- Directed by: Danny Berish Ryan Mah
- Written by: Danny Berish Ryan Mah
- Produced by: Danny Berish Ryan Mah Leah Mallen
- Starring: Arthur Erickson
- Cinematography: Richard Tran
- Edited by: Cindy Au Yeung
- Music by: Jason Sharp Jesse Zubot Josh Zubot
- Production company: Black Rhino Creative
- Distributed by: Knowledge Network
- Release date: October 23, 2024;
- Running time: 80 minutes
- Country: Canada
- Language: English

= Arthur Erickson: Beauty Between the Lines =

2024 Canadian documentary film

Arthur Erickson: Beauty Between the Lines is a Canadian documentary film, directed by Danny Berish and Ryan Mah and released in 2024. The film is a portrait of the influential Canadian architect Arthur Erickson, exploring both the impact of his work and his personal life, including his relatively unknown private relationship with furniture designer Francisco Kripacz.

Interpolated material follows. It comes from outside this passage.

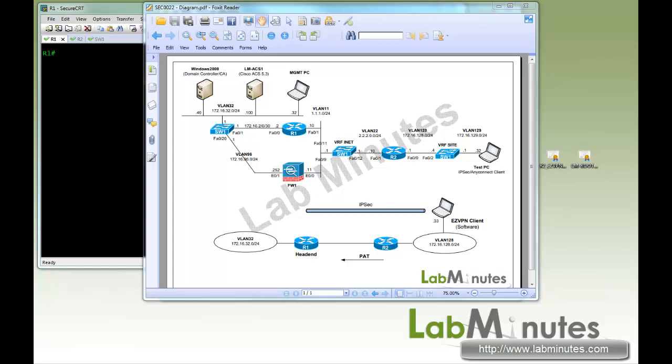Welcome to LabMinutes.com. In this video, we will look at remote access IPSec VPN on a Cisco router with a pre-shared key and certificate authentication using an EasyVPN software client. In addition, we will look at NAT transparency, CTCP, also known as IPSec over TCP, and how to allow local subnet to be accessed by the client when you have a non-split tunnel scenario.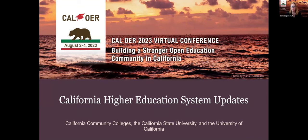Good morning, everyone. Welcome, or welcome back to day two of the Cal OER conference. We are very happy to have you joining us today.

People appearing in the film include writer Hugh Brewster, whose memorial piece about his friendship with Erickson for Xtra Magazine following Erickson's death was the only published obituary of Erickson which acknowledged that he was gay.

The film premiered at the Toronto edition of the Architecture & Design Film Festival in 2024, and was subsequently screened at the editions in Vancouver and Los Angeles. In May 2025 it premiered on Knowledge Network, followed by a November broadcast on TVO.

Cindy Au Yeung received a Canadian Screen Award nomination for Best Editing in a Documentary at the 14th Canadian Screen Awards in 2026.